The whole film is available to watch for free on Youtube at the moment. It’s a difficult watch, but it does raise some important questions about what we humans are doing.
My biggest takeaway from it is that in searching for greener alternatives we need to be mindful that we’re not just replacing one problem with another. We probably won’t find technological solutions for problems created by technology. We need to use less; keep things we do use for longer and do everything we can to not sell out the natural world for a quick buck.

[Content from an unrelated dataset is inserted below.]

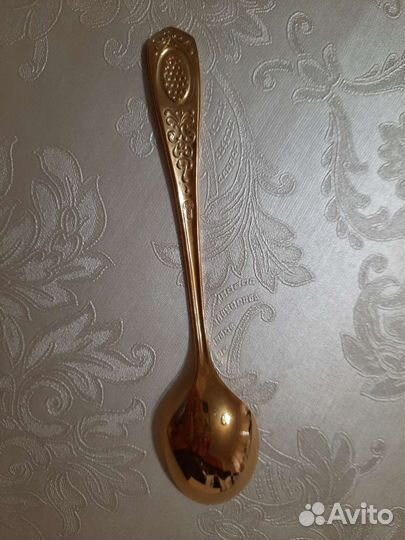 Ложки чайные позолоченные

However, the documentary has not been without controversy:
Climate scientists and campaigners have branded it “dangerous, misleading and destructive” in an open letter started by filmmaker Josh Fox. Academics say there are a number of factual errors in the documentary, including the suggestion that electric cars are bad for the environment because they run on coal (a report published in March found their emissions are up to 70 per cent lower than petrol-fuelled vehicles). Meanwhile, experts say some statistics quoted about the efficiency of solar power are more than a decade old.Everything You Need To Know About Michael Moore’s ‘Planet Of The Humans’ On YouTube | British Vogue
It’s worth taking everything in Moore’s film with a large handful of salt, but as I’ve been discovering from exploring the world of ESG investing, everything we do has a cost and every mitigation that isn’t stopping completely, also has a cost. There are companies on ESG indexes that I wouldn’t trust with someone else’s bargepole (Facebook, Nestle), but they are on there because they are seen to be doing the right thing. They can keep doing their thing because everyone’s pension contributions are invested in them.
We’re not going to fix problems caused by human activity, with yet more human activity.